Weather Notes: Weather imagery in the personal papers of Margarete Berger-Hamerschlag

Date

Written by
Dr Clare George, Archivist, Martin Miller and Hannah Norbert-Miller Trust

Miller Trust Archivist, Dr Clare George, takes a look into our archives to explore how the Austrian British émigré artist Margarete Berger-Hamerschlag found inspiration for her art in the weather

For Austrian-British émigré artist Margarete Berger-Hamerschlag, the weather and its shaping and colouring of the physical and human landscape were a deep source of inspiration for her art and engagement with the world around her. This is evident not only from her paintings, which are held in collections worldwide, but also from the broader records of her work and life in her archive at Senate House Library. Berger-Hamerschlag’s correspondence, poetry and artwork are permeated with weather imagery and metaphors, , often used to conjure vivid descriptions of geographical sites that were significant in her life.

The ability to evoke the memory of past places was of particular importance for Berger-Hamerschlag as an émigré, a ‘free spirit who traversed the world, painting from country to country’, as her son later described her. In the 1920s and early 1930s her work as an illustrator and designer had taken her to southern, central and eastern Europe, and after the establishment of the Austrofascist regime in 1934, she and her husband Josef Berger emigrated to Palestine, where from where she explored and painted Turkey, Syria and Greece.

Records of various kinds have survived from these travels in her archive at SHL, including sketchbook diaries, illustrations, short stories and poetry. In a handmade picture book, ‘Gestanzln aus dem Heiligen Lande’ for instance, she depicted the fierce heat of the Palestinian sun which beat down on all who lived there.

A page with a watercolour image on the top and a text at the bottom. The image shows a sun over an abstract landscape with two buildings and two figures. In the corner there's a drawing of a pig, shedding tears, surrounded by a black haze. The text at the bottom reads: "Sonne glüht auf Fels und Stein / nur nicht auf das treue Schwein / scheint auf Schlange auf Skorpion / Hassan bey und Levysohn"

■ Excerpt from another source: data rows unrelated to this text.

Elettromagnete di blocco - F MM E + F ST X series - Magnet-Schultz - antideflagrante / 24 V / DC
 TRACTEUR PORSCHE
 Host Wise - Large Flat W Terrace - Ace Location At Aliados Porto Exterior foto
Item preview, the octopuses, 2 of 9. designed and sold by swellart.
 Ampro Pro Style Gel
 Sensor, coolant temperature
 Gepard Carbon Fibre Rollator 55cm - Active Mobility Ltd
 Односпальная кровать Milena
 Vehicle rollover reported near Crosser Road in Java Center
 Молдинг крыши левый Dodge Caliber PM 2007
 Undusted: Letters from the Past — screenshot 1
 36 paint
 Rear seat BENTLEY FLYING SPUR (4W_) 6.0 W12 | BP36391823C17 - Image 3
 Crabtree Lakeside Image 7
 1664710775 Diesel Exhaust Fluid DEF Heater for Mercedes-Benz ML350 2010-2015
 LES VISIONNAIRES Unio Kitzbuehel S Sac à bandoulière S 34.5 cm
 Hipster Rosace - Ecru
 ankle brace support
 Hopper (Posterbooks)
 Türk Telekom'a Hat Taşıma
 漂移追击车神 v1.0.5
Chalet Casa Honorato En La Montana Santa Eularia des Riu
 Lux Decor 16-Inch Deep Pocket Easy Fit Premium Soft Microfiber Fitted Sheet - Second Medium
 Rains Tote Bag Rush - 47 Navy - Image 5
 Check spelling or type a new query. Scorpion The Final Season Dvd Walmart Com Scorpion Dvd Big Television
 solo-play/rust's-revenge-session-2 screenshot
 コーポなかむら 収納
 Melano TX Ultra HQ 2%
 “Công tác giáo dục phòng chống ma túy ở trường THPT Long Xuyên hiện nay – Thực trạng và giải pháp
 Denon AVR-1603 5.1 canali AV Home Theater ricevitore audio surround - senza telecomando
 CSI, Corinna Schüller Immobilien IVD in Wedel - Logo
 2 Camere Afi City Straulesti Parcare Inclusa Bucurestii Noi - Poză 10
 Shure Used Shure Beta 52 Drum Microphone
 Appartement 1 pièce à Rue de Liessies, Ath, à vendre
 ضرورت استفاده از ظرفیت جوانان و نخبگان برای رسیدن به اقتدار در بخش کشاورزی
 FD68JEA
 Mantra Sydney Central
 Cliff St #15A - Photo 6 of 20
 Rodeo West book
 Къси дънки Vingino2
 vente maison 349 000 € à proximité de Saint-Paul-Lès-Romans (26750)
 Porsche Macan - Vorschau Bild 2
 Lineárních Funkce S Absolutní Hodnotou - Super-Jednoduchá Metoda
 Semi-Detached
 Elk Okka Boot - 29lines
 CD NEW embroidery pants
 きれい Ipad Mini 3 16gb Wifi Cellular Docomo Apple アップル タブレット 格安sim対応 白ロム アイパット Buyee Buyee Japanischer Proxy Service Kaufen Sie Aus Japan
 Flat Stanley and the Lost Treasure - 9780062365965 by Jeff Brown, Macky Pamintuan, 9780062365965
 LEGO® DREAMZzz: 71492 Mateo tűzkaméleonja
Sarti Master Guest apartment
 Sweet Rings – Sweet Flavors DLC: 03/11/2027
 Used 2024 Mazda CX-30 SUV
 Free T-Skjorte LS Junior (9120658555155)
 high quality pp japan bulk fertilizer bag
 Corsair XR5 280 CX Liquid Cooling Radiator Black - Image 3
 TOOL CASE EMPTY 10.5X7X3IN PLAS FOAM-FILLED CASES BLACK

In late 1935, Berger-Hamerschlag left Palestine for the UK with the hope of finding better work opportunities for herself and her husband. As she crossed the Mediterranean Sea aboard MS Bañaderos on her way to London, Berger-Hamerschlag recorded for her husband details of the maritime weather conditions (and their effects on her wellbeing), as well the climatic conditions of the landscapes she dreamily gazed at as she passed them:

Day 1: beautiful, very rough sea;
Day 2: in bed, terribly rough sea;
Day 3: ditto (in bed I was standing on my head, then on my feet ...) …
Day 4: ill, but on deck, sun;
Day 5: terrible, breaking waves over deck, S.O.S. calls to us from a small Italian steamer in the direction of the island of Galathea, but couldn’t change course as that could have put us in danger ourselves. …  Past the African coast, beautiful mountainous profile;
Day 6: beautiful weather, me - fresher, pass by Algeria;
Day 7: ditto, me happy, Spanish coast with snow-capped Sierra Nevada mountains above. … Already cooler so I need a long time to warm up my feet in bed;
Day 8: grey sea, sky exactly the same, rain, past Cape Vincent and Lisbon;
Day 9: nothing but water, but again blue and sunny;
Day 11: I’m up, rain, grey, we’re in the Channel, ½ hour from Dieppe

A lined paper with text at the top and a pencil  sketch of a sea and mountainscape with a boat at the bottom.

Despite political developments back in Austria, the Bergers’ early years in Britain represented a positive moment in their lives, when they at last felt more secure financially, their career prospects were improving and they were expecting their first child. Berger-Hamerschlag’s description of Britain as ‘the lovely island, green in fog and in sea’ was a declaration of her love for the country, the first line of a handmade book of illustrated poetry she created for her sister-in-law not long after arriving in the UK in 1937. The grey fog in which their new home was shrouded was for her part of the enchantment of the British Isles and its wet and fertile greenness.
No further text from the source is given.